* Work instructions:
Please print nothing but the lines from the one containing "Hippo Police StickersiPhone版" to the final line below, exactly, and no pictures.

START Given records

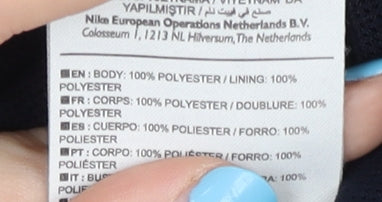 Nike Men's Blue Colourblock Jacket S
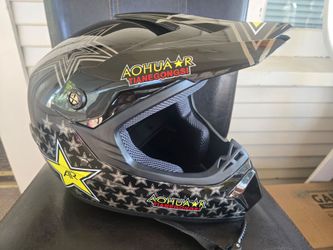 ⭐🔥 COMPLETE MOTOCROSS GEAR SET (SIZE MEDIUM) - HELMET, GOGGLES & GLOVES 🔥⭐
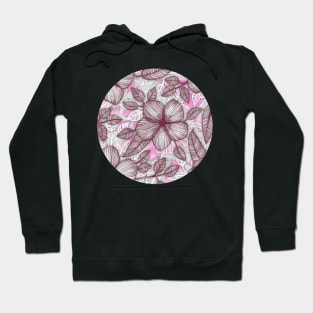 Spring Blossom in Marsala, Pink & Plum Hoodie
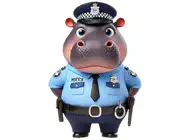 Hippo Police StickersiPhone版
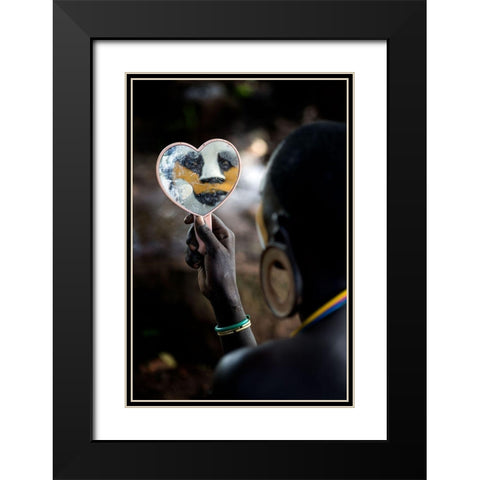 Surma Ix Black Modern Wood Framed Art Print with Double Matting by Noriega, Juanra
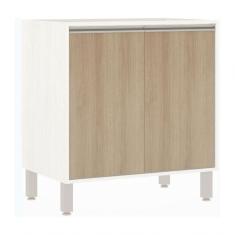 Balcão Luciane 2 Portas 80cm Linea Patina Avela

END Given records

* The answer:
 Hippo Police StickersiPhone版
 Surma Ix Black Modern Wood Framed Art Print with Double Matting by Noriega, Juanra
 Balcão Luciane 2 Portas 80cm Linea Patina Avela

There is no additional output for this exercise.